A note on a recent attempt to solve the second part of Hilbert's 16th Problem

TL;DR

This paper critically examines a recent claim of solving Hilbert's 16th Problem, highlighting contradictions with known asymptotic growth of the maximum number of limit cycles in polynomial vector fields.

Contribution

The authors analyze and challenge a recent proposed solution to Hilbert's 16th Problem, providing counterexamples and discussing inconsistencies with established growth estimates.

Findings

The proposed solution contradicts known asymptotic growth of limit cycles.

Counterexamples demonstrate the proposed formula's inaccuracies.

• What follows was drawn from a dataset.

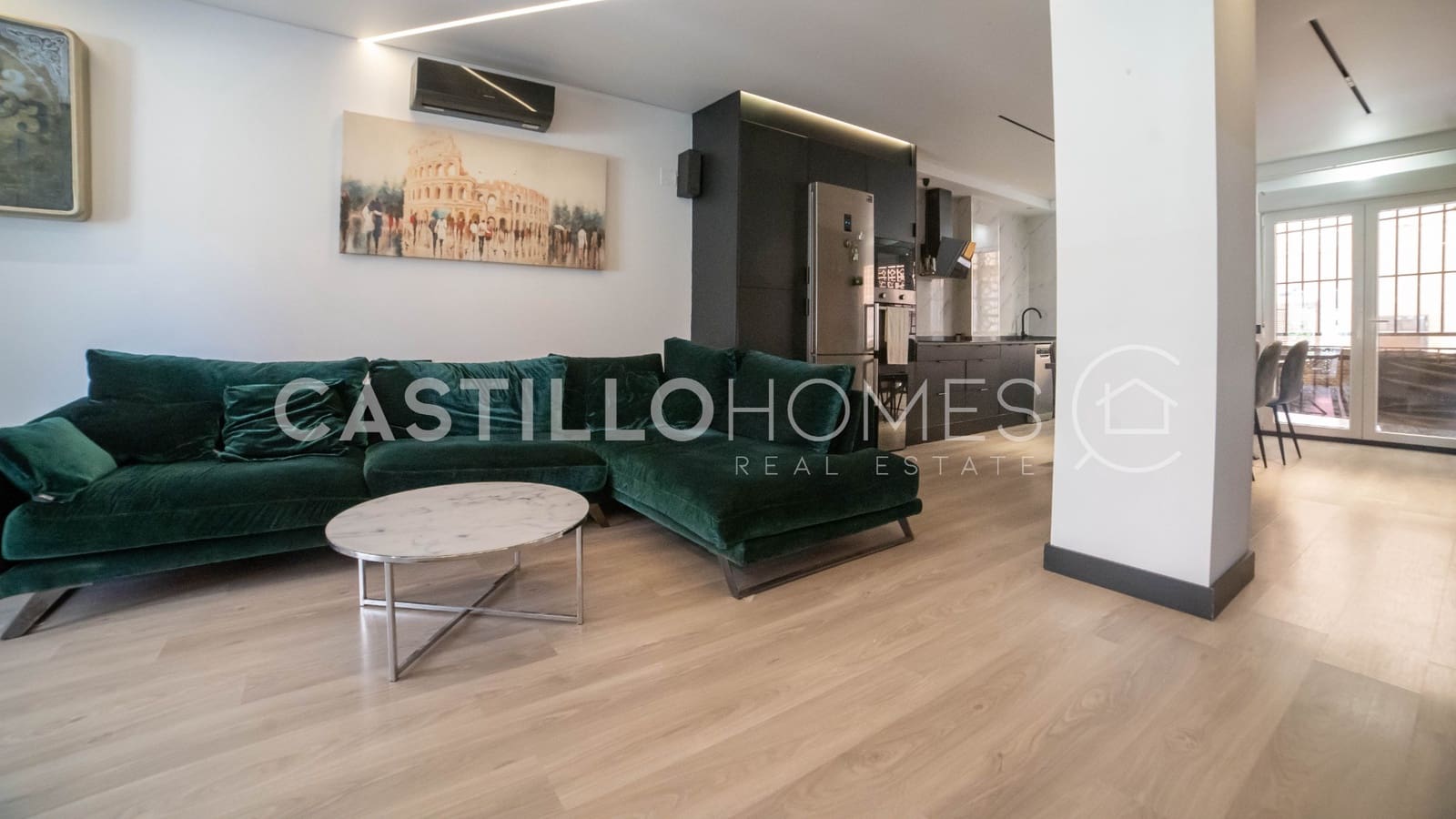2 soverom Leilighet til salgs i Torrevieja - € 199 000 (Ref: 9924871)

The paper clarifies the limitations of recent claims on Hilbert's 16th Problem.

Abstract

For a given natural number $n$, the second part of Hilbert's 16th Problem asks whether there exists a finite upper bound for the maximum number of limit cycles that planar polynomial vector fields of degree $n$ can have. This maximum number of limit cycle, denoted by $H(n)$, is called the $n$th Hilbert number. It is well-established that $H(n)$ grows asymptotically as fast as $n^2 \log n$. A direct consequence of this growth estimation is that $H(n)$ cannot be bounded from above by any quadratic polynomial function of $n$. Recently, the authors of the paper [Exploring limit cycles of differential equations through information geometry unveils the solution to Hilbert's 16th problem. Entropy, 26(9), 2024] affirmed to have solved the second part of Hilbert's 16th Problem by claiming that $H(n) = 2(n - 1)(4(n - 1) - 2)$. Since this expression is quadratic in $n$, it contradicts the established asymptotic behavior and, therefore, cannot hold. In this note, we further explore this issue by discussing some counterexamples.